PROVIDED ENTRIES:
== Segment start ==
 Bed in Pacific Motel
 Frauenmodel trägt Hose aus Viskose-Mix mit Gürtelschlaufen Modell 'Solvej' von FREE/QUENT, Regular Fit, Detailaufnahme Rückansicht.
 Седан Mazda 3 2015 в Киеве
== Segment end ==
== Segment start ==
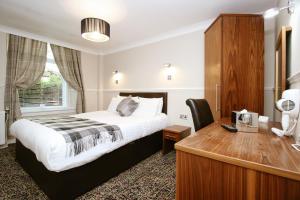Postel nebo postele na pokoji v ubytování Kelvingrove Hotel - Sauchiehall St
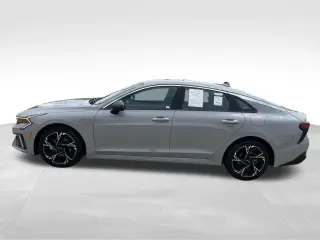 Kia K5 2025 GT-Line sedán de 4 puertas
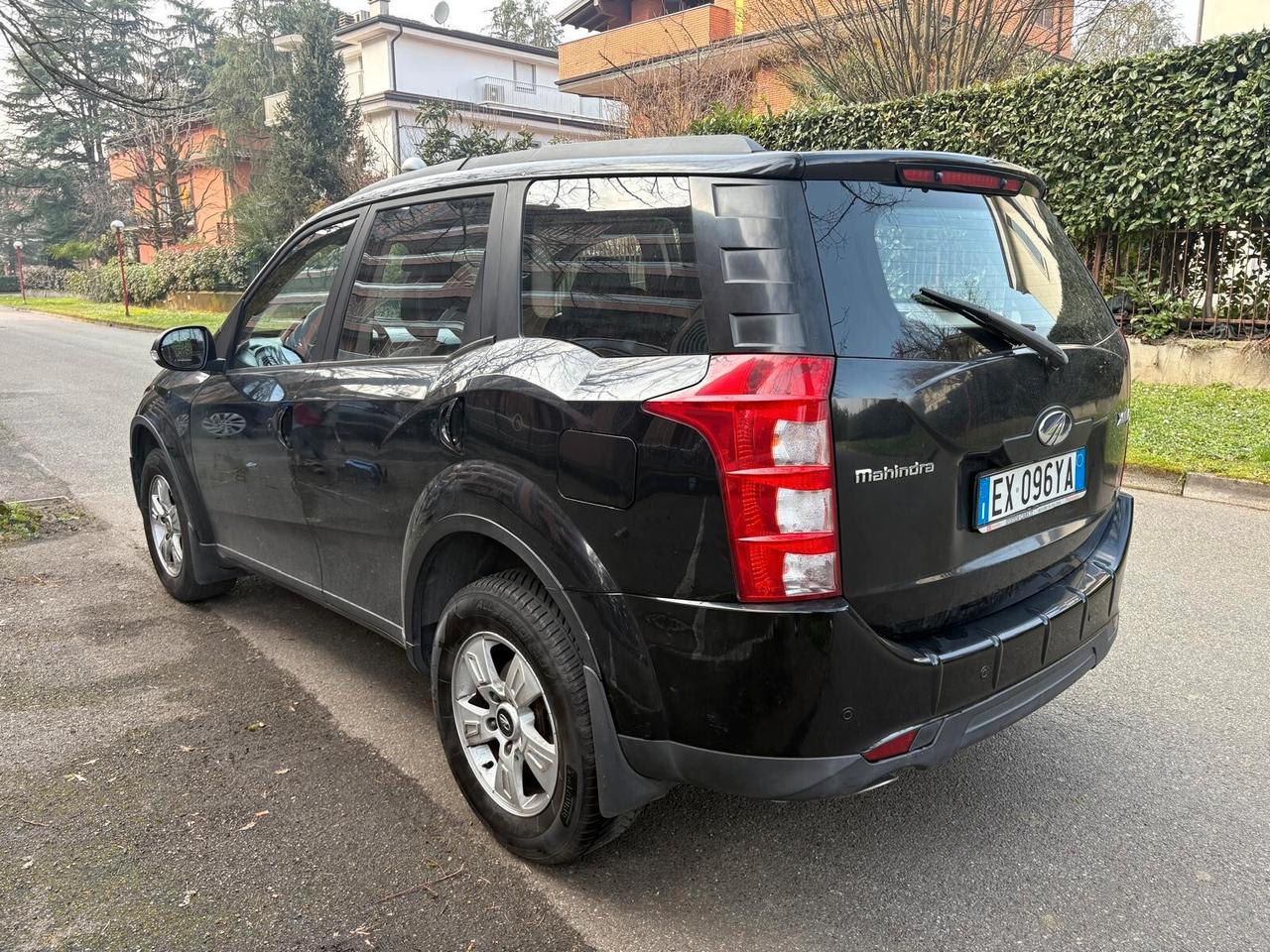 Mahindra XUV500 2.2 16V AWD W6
== Segment end ==
WHAT YOU HAVE TO DO: Scan the lines above for "Bed in Pacific Motel" and for "Седан Mazda 3 2015 в Киеве". Repeat exactly the line holding each of them and every line in between.

WRITTEN ANSWER:
 Bed in Pacific Motel
 Frauenmodel trägt Hose aus Viskose-Mix mit Gürtelschlaufen Modell 'Solvej' von FREE/QUENT, Regular Fit, Detailaufnahme Rückansicht.
 Седан Mazda 3 2015 в Киеве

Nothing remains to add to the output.